Kaine readily admits Democrats don’t have the numbers in Congress to halt the Obamacare repeal effort, but he said he's still reached out to GOP colleagues, trying to convince them “that it’s a really bad idea,” and offering them “an off-ramp off a very bad highway.”
“Many of them feel like they kind of have to let the Republican-only effort sort of run its course,” Kaine said, declining to identify the Republicans in question, “but I’ve had enough discussions with Republican colleagues to know that they kind of hope we’re going to get to the bipartisan dialogue.”
Kaine describes his strategy for choosing which issues to work on with Republicans as a pragmatic one. “I think the thing to do is to advance where you can, defend everything you must,” he said. “If I think something’s good for the country or for Virginia, I want to work together on it.”

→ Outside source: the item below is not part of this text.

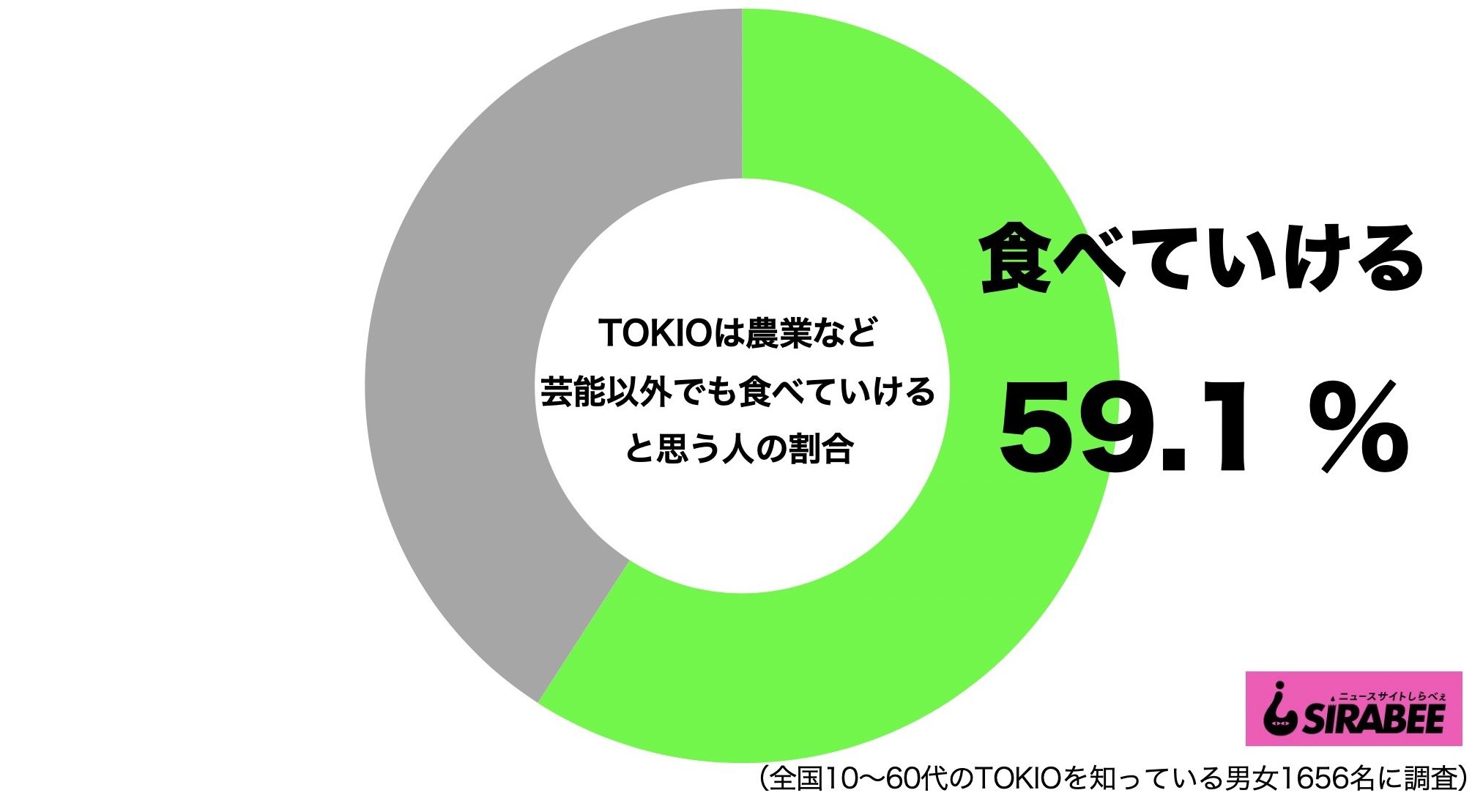 TOKIO・農業・芸能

One of the issues on which Kaine, whose state is home to a sizable military presence, has worked extensively with Republican colleagues is the war on terror. For years, Kaine — who also serves on the Armed Services and Foreign Relations committees — has pushed for Congress to update and replace the 2001 Authorization for the Use of Military Force, which Congress passed in the days after 9/11 to allow the US to go to war with the perpetrators of the terrorist attacks. But critics, including Kaine, say Congress needs to update the AUMF to adapt it to the current fight against ISIS and other terror groups.
"You have been sometimes a voice in the wilderness, but you’ve also been absolutely correct," Republican Sen. John McCain, chair of the Armed Services Committee, told Kaine at a hearing in January.
Congressional war authorization is far from a hot topic issue at this point, but Kaine returned from the campaign trail and quickly teamed up with GOP Sen. Jeff Flake of Arizona in May to introduce legislation that would repeal Congress’s old authorizations and replace them with a new, five-year AUMF. It’s Kaine’s third proposal of this kind, but he believes this one finally “hits the sweet spot” by providing “more of a template for military force against a non-state actor than an ISIS-specific authorization.”
Despite past failures, Kaine is adamant that Congress can pass a new authorization this time around, and says fellow members are becoming increasingly concerned about multiple administrations’ reliance on a 16-year-old war authorization. Part of that, he says, is “because of who the administration is and not being sure what their strategy is, and that they’re a little mercurial.” The Senate Foreign Relations Committee held an initial public hearing on the AUMF in June, and has scheduled a closed briefing with Secretary of State Rex Tillerson and Defense Secretary James Mattis on this issue for next week.
“I think if we get to it with the 19 of us around the table,” Kaine said earnestly of the committee as “Suite: Judy Blue Eyes” by Crosby, Stills & Nash played softly in his office, “I think we can find a path forward.”
As the sun was rising the morning after the health care press conference, Kaine was back on the lawn facing the Senate to attend a Catholic Mass service. If there’s one thing Kaine, who’s been known to unexpectedly appear at events in Virginia playing the harmonica, didn’t like about the presidential campaign, it was the wall of security constantly hovering between him and voters. “As wonderful as the security people were,” he said, “you chafe under it.”
“It’s nice to just walk up in blue jeans and a polo shirt to the mass at 6 o’clock this morning without a big — without anybody with me,” he said. “It’s just nice to live like a regular person.”
Kaine says he’s happy to cede the spotlight anyway.
“I like to get up on stages and play music, and I like giving speeches on the floor and stuff like that,” he said, “but I’m also perfectly comfortable letting somebody else do that.”